Storksbill (Erodium cicutarium)
As a member of the geranium family the winter weed we know as storksbill was originally labelled by that great name dropper Linnaeus in 1753 as Geranium cicutarium. However, by 1785 it had a new look, having been renamed after the Greek word for heron (erodios), given the spikiness of its fruiting body. Somewhere along the line the bird has changed, but I guess storks and herons share long beaks and long legs.

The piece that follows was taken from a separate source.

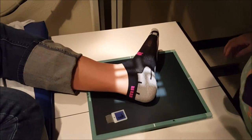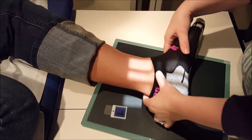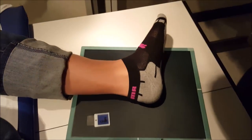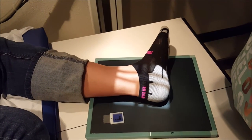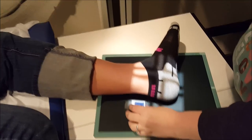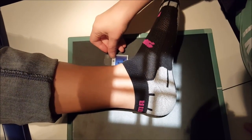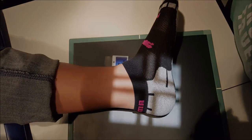For the lateral calcaneus, you're going to have them in the same position as you would for lateral ankle, which is the lateral side against the IR. You're going to be centered an inch distal to the medial malleolus. There is a little tiny bit of light up on the lateral side, so if you can, I would rather put the marker on the lateral side than the medial side of the patient.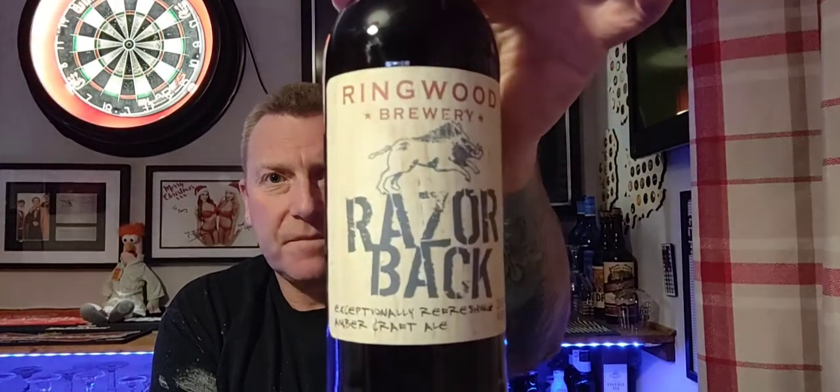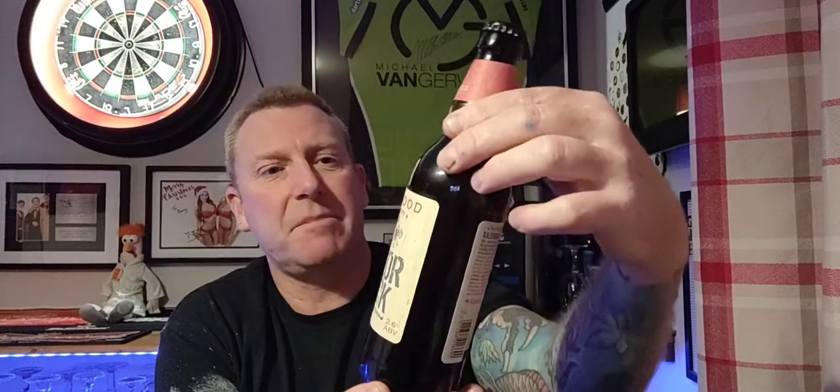Thanks for joining me for another beer review. This time we are off to Ringwood Brewery to give their Razorback Craft Amber Ale a try. It's 3.6% in a 500ml bottle. I picked this up from Asda for £1.05, and that's probably the only reason I really picked it up — at £1.05 I thought I might as well have a double.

An annual plant, initially it grows at ground level as a filgreed rosette of up to 30cm across. It produces tiny mauve-pink flowers on long red hairy stalks from September to May, at which time it can grow up to 50cm tall. In the US it is known as Redstem Filaree, descriptive of its finely divided leaves and opposite leaflets arranged along the red stems. It is found most commonly in drier areas throughout New Zealand, in arable land, poor pasture, dry tussock and grassland.
It is the fruiting bodies which are the significant and unwelcome parts of the plant. Each seed capsule of up to 4cm long terminates in an upright beak, which is sharp enough to pierce an animal’s skin and work its way into the flesh. Each stem carries up to five of these spikes. As the seeds ripen the awn (seed cover) splits into five corkscrew strips which turn downwards and screw themselves into loose soil to bury the attached seeds. In this way a single plant can become a sizeable patch quite rapidly.
A related species, Erodium moschatum, grows in more fertile soil and is also found in most places throughout New Zealand. This type can be an annual or biennial plant. The plants can be described as sticky-hairy with thicker and greener stems and less dissected leaves. The flowers may be pink or white and have shorter stalks and, if crushed, the leaves have a musky odour.
In spring it can become a major pasture component, particularly where there is bare ground caused by over-grazing or winter stock damage. While some farmers in drier areas claim that it offers good fodder for lambs, it has also been reported as causing photosensitisation and staggers in lambs and cattle.
Like many weeds it is quick to spread, can form a thick mat in pasture, and is difficult to get rid of. In pasture renovation the pre harvest spray out may have it appear to be drying off, but it will regrow and still be present in new pasture. It also can be a problem in lucerne and other crops. It is not very susceptible to 2,4-D but apparently a picloram/triclopyr mixture such as Tordon gives good control. Seek advice from your weedkiller supplier on what is currently considered effective.
It has a short taproot and can be pulled out while still at the rosette stage, although it also develops a fibrous rooting system as the plant grows which makes manual removal more difficult.